[WHAT YOU HAVE TO DO]
Please retype the material beneath this task exactly, starting with its first line and finishing with the line containing "BOSCH 0 986".

[INFORMATION]
────────────────────
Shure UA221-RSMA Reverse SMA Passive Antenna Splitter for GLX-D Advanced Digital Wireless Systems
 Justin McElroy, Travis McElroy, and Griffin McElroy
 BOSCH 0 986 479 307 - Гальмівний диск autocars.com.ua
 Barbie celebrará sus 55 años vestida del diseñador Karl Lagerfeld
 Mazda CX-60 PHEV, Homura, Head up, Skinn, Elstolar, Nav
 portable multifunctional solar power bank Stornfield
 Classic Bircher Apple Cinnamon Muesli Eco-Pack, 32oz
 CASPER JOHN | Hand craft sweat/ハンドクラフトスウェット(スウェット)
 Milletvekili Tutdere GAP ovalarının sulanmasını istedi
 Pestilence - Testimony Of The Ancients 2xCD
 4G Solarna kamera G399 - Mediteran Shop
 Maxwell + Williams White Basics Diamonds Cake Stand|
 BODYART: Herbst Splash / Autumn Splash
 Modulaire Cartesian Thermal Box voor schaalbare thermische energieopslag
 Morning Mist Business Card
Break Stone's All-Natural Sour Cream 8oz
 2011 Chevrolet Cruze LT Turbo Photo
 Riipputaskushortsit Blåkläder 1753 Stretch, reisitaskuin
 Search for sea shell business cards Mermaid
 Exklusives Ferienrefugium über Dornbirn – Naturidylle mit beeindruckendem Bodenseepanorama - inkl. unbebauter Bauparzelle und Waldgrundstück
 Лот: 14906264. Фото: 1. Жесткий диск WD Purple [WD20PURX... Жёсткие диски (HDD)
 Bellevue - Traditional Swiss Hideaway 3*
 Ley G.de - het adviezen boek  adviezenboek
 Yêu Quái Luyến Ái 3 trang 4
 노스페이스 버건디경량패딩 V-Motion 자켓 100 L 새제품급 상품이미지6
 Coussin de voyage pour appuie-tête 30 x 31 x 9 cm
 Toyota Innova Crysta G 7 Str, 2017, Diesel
────────────────────
[RESULT]
Shure UA221-RSMA Reverse SMA Passive Antenna Splitter for GLX-D Advanced Digital Wireless Systems
 Justin McElroy, Travis McElroy, and Griffin McElroy
 BOSCH 0 986 479 307 - Гальмівний диск autocars.com.ua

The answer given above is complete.